The family of Hessy Levinsons Taft confirmed that she died on Jan. 1 at her home in San Francisco, The New York Times reported. She was born on May 17, 1934, in Berlin, Germany, to parents originally from Latvia who were opera singers. In 1935, her photo was printed on the cover of the pro-Nazi family magazine “Sonne ins Haus” (“Sunshine in the House”). The picture was then featured in every newsstand in Germany and used in storefront windows, Nazi advertisements for baby clothing, on postcards, and framed on the walls in people’s homes.
“When I was about six months old, my parents decided that I should have a photograph taken of me; and my mother took me to a photographer,” she told the US Holocaust Memorial Museum during an interview in 1990. “He made a beautiful picture — which my parents had framed and put on the piano that my father gave my mother as a present when I was born. One day, the lady who came to help my mother clean the apartment, Frau Klauke, said to my mother, ‘You know, I saw Hessy on a magazine cover in town.’”
The housekeeper showed a copy of the Nazi magazine with the reprinted image of Taft on the cover, and her parents were horrified. Taft’s mother confronted the photographer, Hans Ballin, and he admitted that he was asked to submit 10 pictures for a beauty competition run by the Nazi propaganda department, led by Joseph Goebbels. The contest was to find a baby that best represents the ideal German Aryan race, in an effort to further promote the Nazi ideology. The photographer submitted Taft’s photo, knowing that she was Jewish, but without asking the family’s permission. She recalled the conversation her parents had with the photographer about his selection:
“My parents say he said, in German, ‘I wanted to allow myself the pleasure of this joke.’ And then he told my mother, ‘And you see, I was right. Of all the babies, they picked this baby as the perfect Aryan,’” she remembered. “My parents were both shocked by the possible consequences that this could bring and amazed at the irony of it all. But they felt at this moment that it was best to keep it quiet.”
According to Yad Vashem, Israel’s memorial to the Holocaust, Taft was once asked what she would tell the photographer who submitted her picture in the beauty contest and she responded, “I would tell him, good for you for having the courage.”
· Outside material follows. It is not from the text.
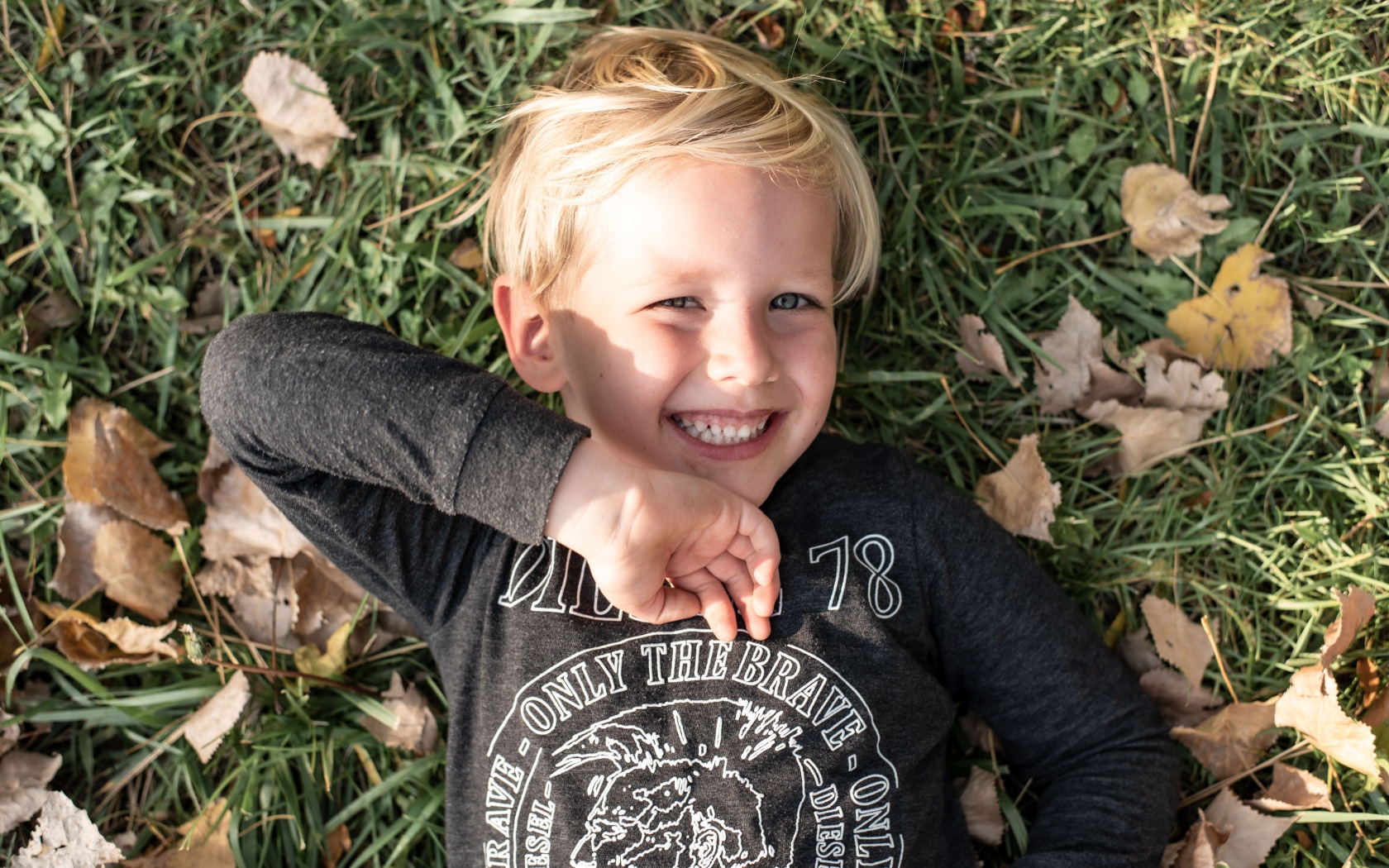 Улыбающийся маленький мальчик лежит на траве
“I feel a sense of revenge, good revenge,” she added, about being a poster child for Nazi propaganda.
Taft and her family fled Germany for Paris in 1938. They then escaped Nazi-occupied France in 1941 and traveled through Spain and Portugal before setting sail to Cuba. In 1949, the family immigrated to the United States and settled in New York. Taft’s immediate family survived the Holocaust but most of her extended family members in Latvia were murdered by the Nazis and their collaborators, according to Yad Vashem.
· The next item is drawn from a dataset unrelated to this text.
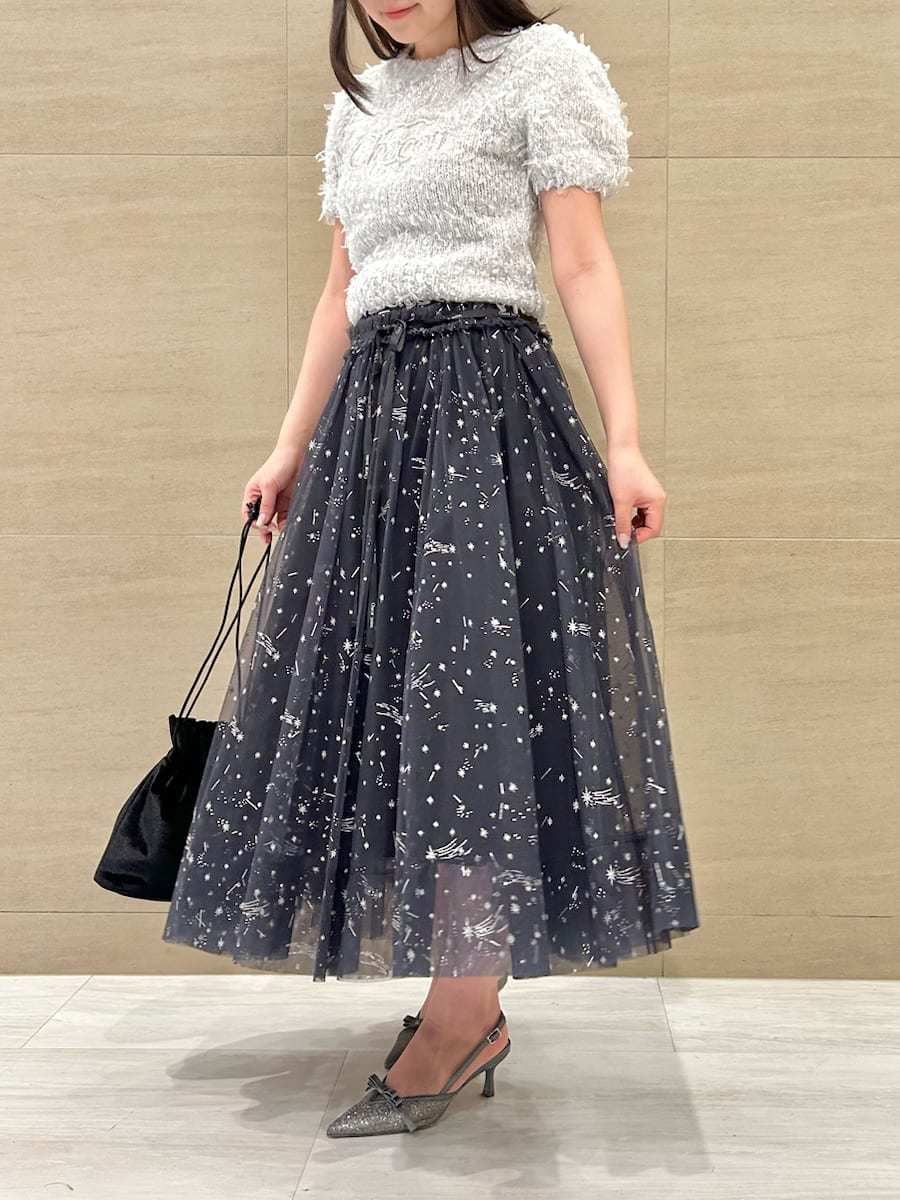 ブルー系のスカート、グレー系のニット/セーター、ブラック系のハンドバッグを着用したレディースの秋コーディネートの4枚目の写真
Taft studied chemistry and received degrees from Barnard College and Columbia University. She worked at the Educational Testing Service in Princeton, New Jersey, where she oversaw Advanced Placement exams in chemistry, and was an adjunct chemistry professor at St. John’s University in Queens, New York. In 1959, she married Earl Taft, and together they had two children, Nina and Alex. Her husband died in 2021. She is survived by her sister Noemi Pollack, two children, and four grandchildren.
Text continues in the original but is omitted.